Imputation of nulls
Too many missing values could negatively impact the quality of your machine learning model. Imputation is the practice of filling missing values, known as null values. There could be many reasons for missing data such as a database error, a user who doesn’t fill out a part of a form, or maybe you start to collect new data and older records in the dataset don’t have the new data point.
It is important to understand the effects that imputation could possibly have on the data. Imputation retains the predictive power of the row or column, but it also has the potential to create patterns that didn’t previously exist or add noise to a pattern that did exist. This reduces the validity of the data.
You might want to review your data collection practices to ensure data completion and to implement new processes as needed. If you want to keep the representation of an empty value, you could fill in nulls with a value such as "other" or "unknown".
Null imputation during automatic preprocessing
In Qlik AutoML, automatic data preprocessing uses null imputation to prepare your dataset for training. During the automatic data preprocessing, null values are handled by excluding columns missing more than 50 percent of the values and by imputing missing values. Missing values in categorical features are imputed with the value "other" and missing values in numeric features are imputed with the mean.
Additional considerations apply for auto-engineered features and time-aware training.
For more information about preprocessing, see Automatic data preparation and transformation.
Auto-engineered features
With automatic feature engineering, AutoML creates new features from existing parent features. For auto-engineered features, null imputation is performed as follows:
-
If you include auto-engineered date features in the training, the null imputation process for these features is the same as it is for numeric features.
-
If you use instead use the parent date features, the null imputation process is the same as it is for categorical features.
-
For categorical features that are treated as free text, null imputation is the same as it is for categorical features.
Time-aware training
If time-aware training is turned on, null imputation is performed as follows:
-
Any rows in the training dataset that have a null value for the selected date index are dropped during preprocessing.
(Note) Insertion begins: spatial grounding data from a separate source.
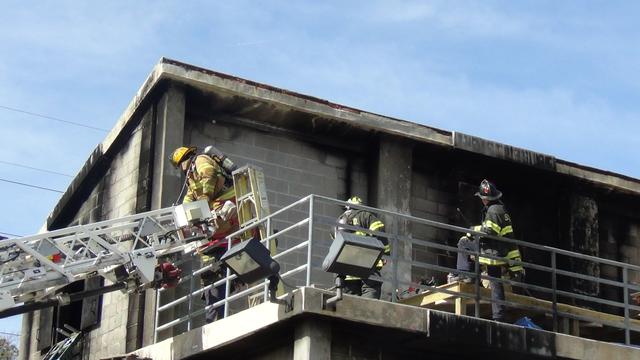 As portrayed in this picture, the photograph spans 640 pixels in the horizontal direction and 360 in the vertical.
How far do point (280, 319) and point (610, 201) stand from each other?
29.1ft

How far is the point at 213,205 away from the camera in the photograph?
46.6 ft

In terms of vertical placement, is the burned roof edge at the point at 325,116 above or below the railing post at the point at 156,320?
above

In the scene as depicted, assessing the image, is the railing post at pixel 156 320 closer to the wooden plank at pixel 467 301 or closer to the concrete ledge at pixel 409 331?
the concrete ledge at pixel 409 331

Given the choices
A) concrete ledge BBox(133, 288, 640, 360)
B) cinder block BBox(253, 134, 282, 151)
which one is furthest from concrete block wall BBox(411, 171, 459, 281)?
concrete ledge BBox(133, 288, 640, 360)

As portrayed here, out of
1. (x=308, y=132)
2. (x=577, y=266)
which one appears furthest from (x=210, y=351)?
(x=577, y=266)

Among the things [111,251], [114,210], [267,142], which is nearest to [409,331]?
[111,251]

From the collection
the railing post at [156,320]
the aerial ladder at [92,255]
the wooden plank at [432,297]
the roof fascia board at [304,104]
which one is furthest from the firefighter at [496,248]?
the railing post at [156,320]

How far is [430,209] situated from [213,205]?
4402mm

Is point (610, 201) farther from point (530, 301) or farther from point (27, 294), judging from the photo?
point (27, 294)

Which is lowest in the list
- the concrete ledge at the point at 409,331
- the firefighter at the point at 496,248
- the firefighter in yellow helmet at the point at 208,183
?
the concrete ledge at the point at 409,331

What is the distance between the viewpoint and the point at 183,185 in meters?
15.6

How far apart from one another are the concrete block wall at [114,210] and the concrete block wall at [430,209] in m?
3.95

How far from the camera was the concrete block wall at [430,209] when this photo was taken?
17406 mm

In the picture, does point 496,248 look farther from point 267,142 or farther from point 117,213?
point 117,213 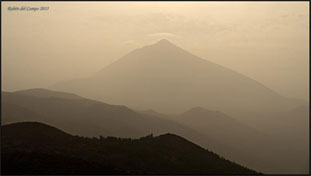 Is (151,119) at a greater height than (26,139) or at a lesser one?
greater

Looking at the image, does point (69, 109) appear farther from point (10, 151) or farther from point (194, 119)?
point (10, 151)

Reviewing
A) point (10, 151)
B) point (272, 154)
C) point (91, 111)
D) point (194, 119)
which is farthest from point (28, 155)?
point (194, 119)

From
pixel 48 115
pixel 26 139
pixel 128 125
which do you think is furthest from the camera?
pixel 128 125

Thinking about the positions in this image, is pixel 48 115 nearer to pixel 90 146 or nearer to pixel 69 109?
pixel 69 109

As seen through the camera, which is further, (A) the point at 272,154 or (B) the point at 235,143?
(B) the point at 235,143

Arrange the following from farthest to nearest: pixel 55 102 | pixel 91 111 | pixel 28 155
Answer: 1. pixel 55 102
2. pixel 91 111
3. pixel 28 155

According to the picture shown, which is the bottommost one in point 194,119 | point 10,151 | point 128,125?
point 10,151

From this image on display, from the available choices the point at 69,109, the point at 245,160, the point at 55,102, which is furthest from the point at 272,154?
the point at 55,102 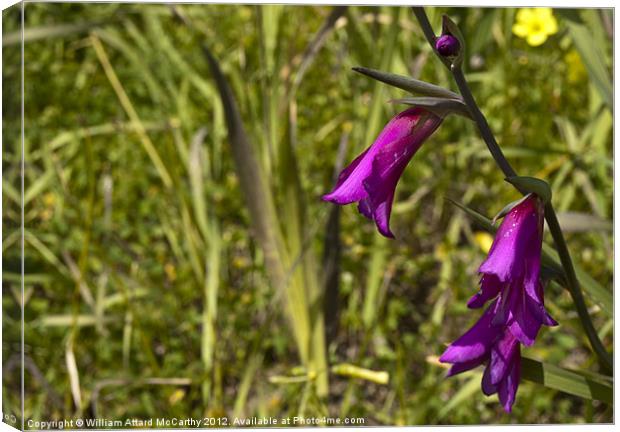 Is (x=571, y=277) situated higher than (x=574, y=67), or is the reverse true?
(x=574, y=67)

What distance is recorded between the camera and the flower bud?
0.86 metres

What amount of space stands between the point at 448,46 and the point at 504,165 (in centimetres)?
14

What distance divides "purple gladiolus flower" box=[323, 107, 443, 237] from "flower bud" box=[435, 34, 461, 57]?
70 mm

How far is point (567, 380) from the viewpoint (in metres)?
1.13

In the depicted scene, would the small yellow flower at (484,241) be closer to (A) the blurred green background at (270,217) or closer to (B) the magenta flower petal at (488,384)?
(A) the blurred green background at (270,217)

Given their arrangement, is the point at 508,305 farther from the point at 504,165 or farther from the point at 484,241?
the point at 484,241

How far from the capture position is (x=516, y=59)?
2.32m

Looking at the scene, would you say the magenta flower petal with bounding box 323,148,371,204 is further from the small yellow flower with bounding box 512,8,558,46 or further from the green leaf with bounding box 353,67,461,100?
the small yellow flower with bounding box 512,8,558,46

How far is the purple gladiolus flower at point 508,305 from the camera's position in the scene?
888 mm

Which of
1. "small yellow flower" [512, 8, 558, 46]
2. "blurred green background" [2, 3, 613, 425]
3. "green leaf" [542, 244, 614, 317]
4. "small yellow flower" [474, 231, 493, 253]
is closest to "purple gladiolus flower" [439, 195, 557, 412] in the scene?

These rows are not used to train the models.
-
For numeric features, null imputation is performed with linear interpolation. Linear interpolation is also used for auto-engineered date features.
-
For categorical features, the null imputation process is the same as when you are not using time-aware training.
-
If you use date features without automatic feature engineering, the null imputation process is the same as it is for categorical features.
-
For categorical features that are treated as free text, null imputation is the same as it is for categorical features.
For more information about time-aware training, see Creating time-aware models.
How does imputation work
The following methods are common practices for imputation of nulls.
Numerical values
A good default is to impute the mean value. If the missing values are normally distributed, it is like adding weight to the center of a seesaw—it doesn’t affect the weight to either side. However, you should always consider what the value is trying to represent. For example, if some of the values for sales price are null in your sales data, is it caused by a database error or did the buyer use a coupon as payment? Would a 0, or some other value than the mean, make more sense?
Categorical values
A good default for categorical values is to add another category and call it "Other", "Unknown", or even "Missing". This category can hold the additional variance if the missing values are randomly distributed, or gain in feature importance if there is a meaningful relationship between missing that value and the target value.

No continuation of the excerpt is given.